Bentley was born in 1907 in Philadelphia, Pennsylvania, although she would later claim to have been born in Port of Spain, Trinidad (her mother was Trinidadian). From a young age, she would wear her brothers clothes and felt more comfortable in these than in more stereotypically ‘female’ clothing.
At the age of 16, Bentley moved to New York City where she auditioned for a male piano player position at Harry Hansberry’s Clam House on 133rd Street, one of the city’s most notorious gay speakeasies. She wore white full dress shirts, stiff collars, small bow ties, oxfords, short Eton jackets, and hair cut straight back and became so successful that the club was renamed ‘Barbara’s Exclusive Club’ after her stage name at the time – Barbara “Bobbie” Minton. Bentley then moved on to performing at the Ubangi Club on Park Avenue where she became financially successful for her humorous and risqué act where she showcased her talents as piano player, singer and entertainer all while flirting with women in the audience. Bentley juxtaposed the sexually charged ‘black’ blues with romantic ‘white’ ballads and was the most prominent ‘mannish’ lesbian of the Harlem Renaissance. During this time, she recorded a number of singles and is said to have married a white woman in a non-legally binding ceremony in New Jersey – homosexuality was still illegal at the time and Bentley was later investigated by the The U.S. House Committee on Un-American Activities because of this.

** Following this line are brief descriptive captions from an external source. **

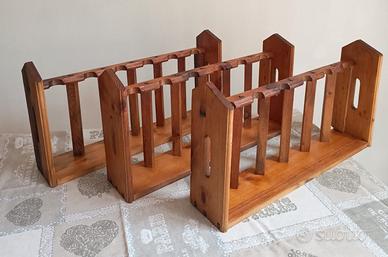 3 cantinette portabottiglie in legno.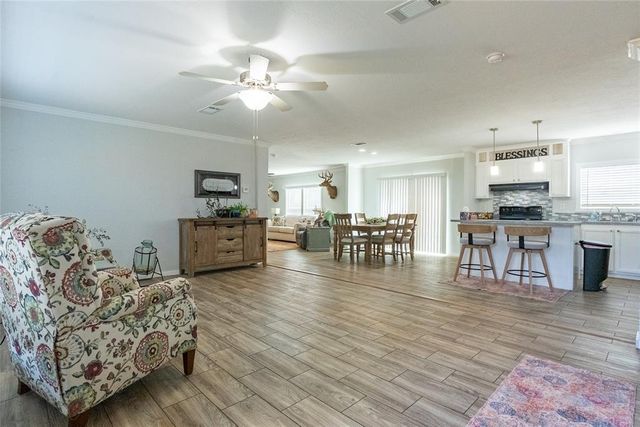 100925 S 3330 Road, Harrah, OK 73045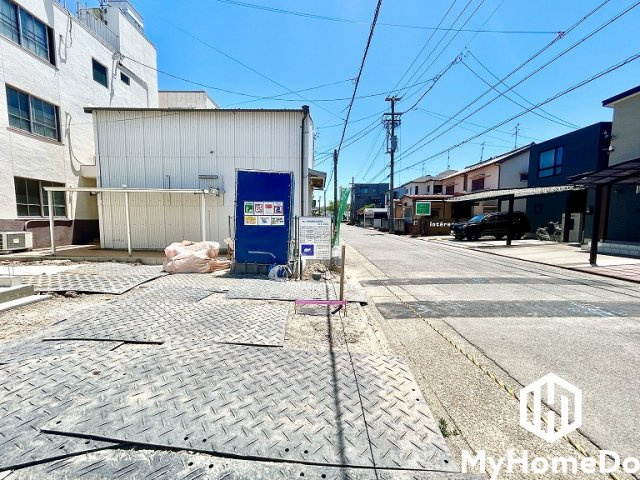 西区枇杷島５丁目の前面道路含む現地写真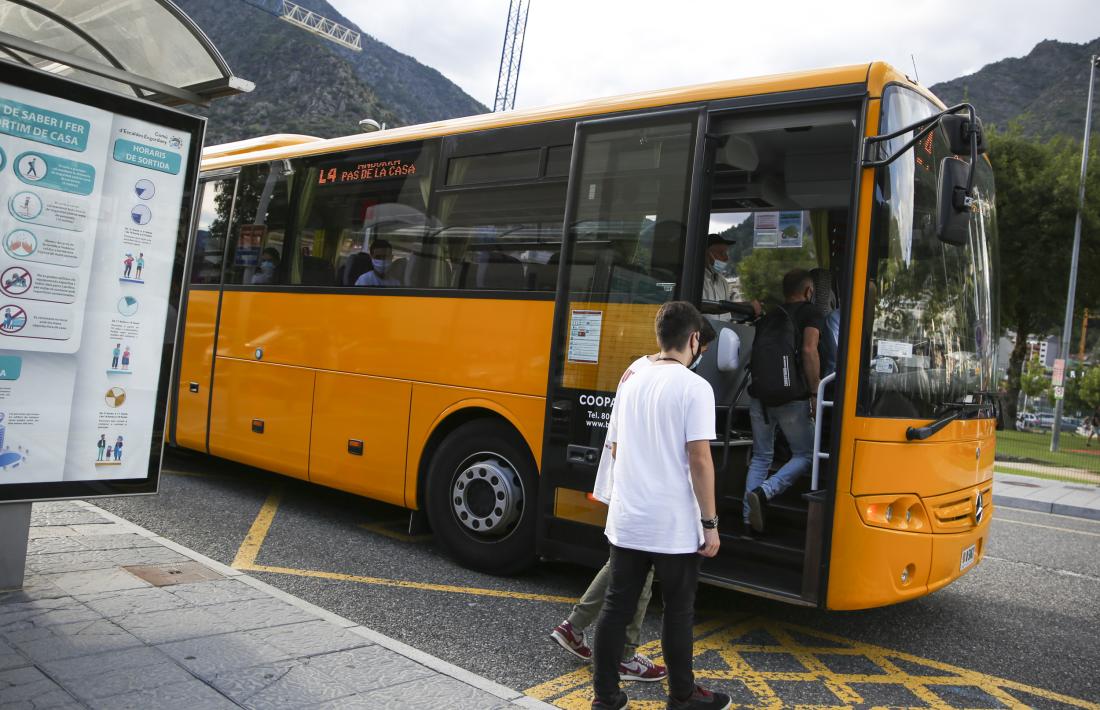 Un autobús que realitza una línia nacional operada per Coopalsa.
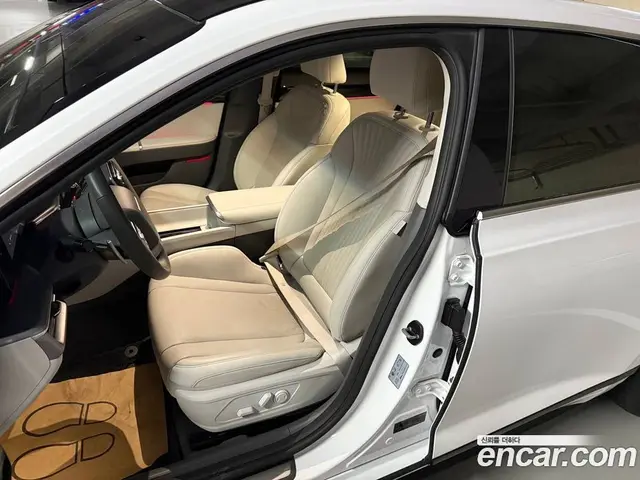 Hyundai Grandeur 2023 2.5 автомат (гидро), миниатюра 6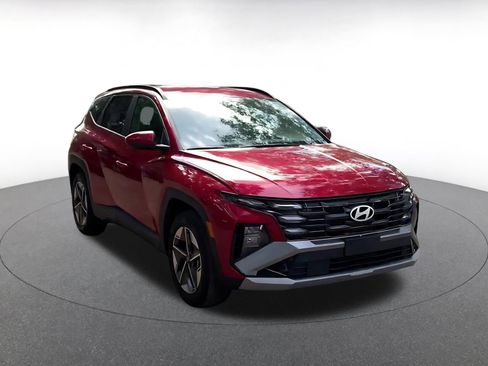 Used 2025 Hyundai Tucson SEL image 3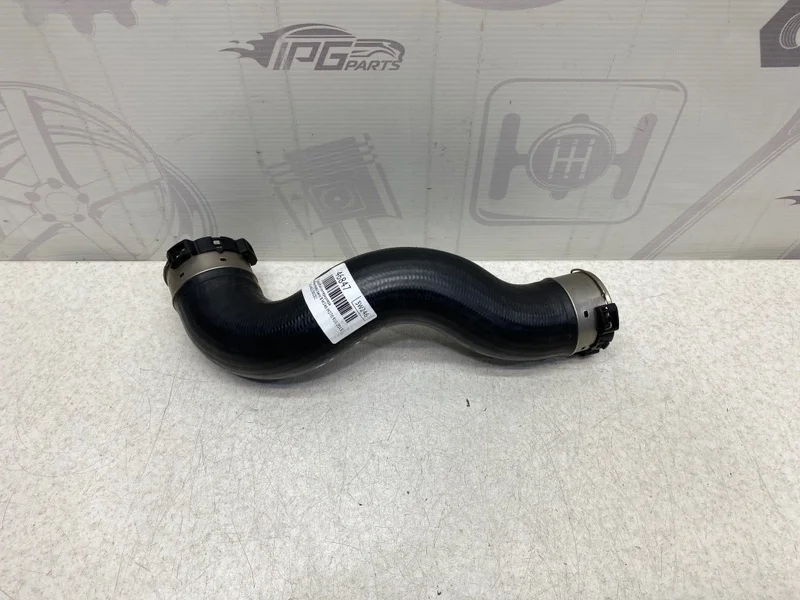 Патрубок интеркулера правый Mercedes-benz 2013 W246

In 1933, prohibition was repealed and the speakeasies were no longer needed, this, coupled with a crackdown on acts like ‘risqué’ acts like Bentleys meant that by 1938 the infamous Clam House was just another cellar. Bentley then moved to Los Angeles, and throughout the 1940’s she played club dates around California, including the legendary lesbian bar Mona’s 440 Club in San Francisco. From 1949, Bentley began to distance herself from her ‘out and proud’ image in an attempt to protect herself during the dangerous McCarthy years where her public homosexuality would have made her a target for persecution. Bentley would have been forced to obtain a special permit to performing men’s clothing if she had continued her act.
Bentley was later forced to completely renounce her ‘strange affliction’ of lesbianism to survive. In an 1952 interview with Ebony magazine entitled “I Am a Woman Again”, she claimed to have married a man, but he later denied that this was the case. She did go on to briefly marry a different man. Bentley died during the flu epidemic of 1960 at the age of 52, and her desperate attempts to survive in a time in which being herself was dangerous should not detract from her pioneering gender nonconforming former life. She is a significant and inspiring figure for the LGBT community and her refusal to try and ‘pass’ as a man meant that she “exerted a ‘black female masculinity’ that troubled the distinctions between black and white and masculine and feminine”.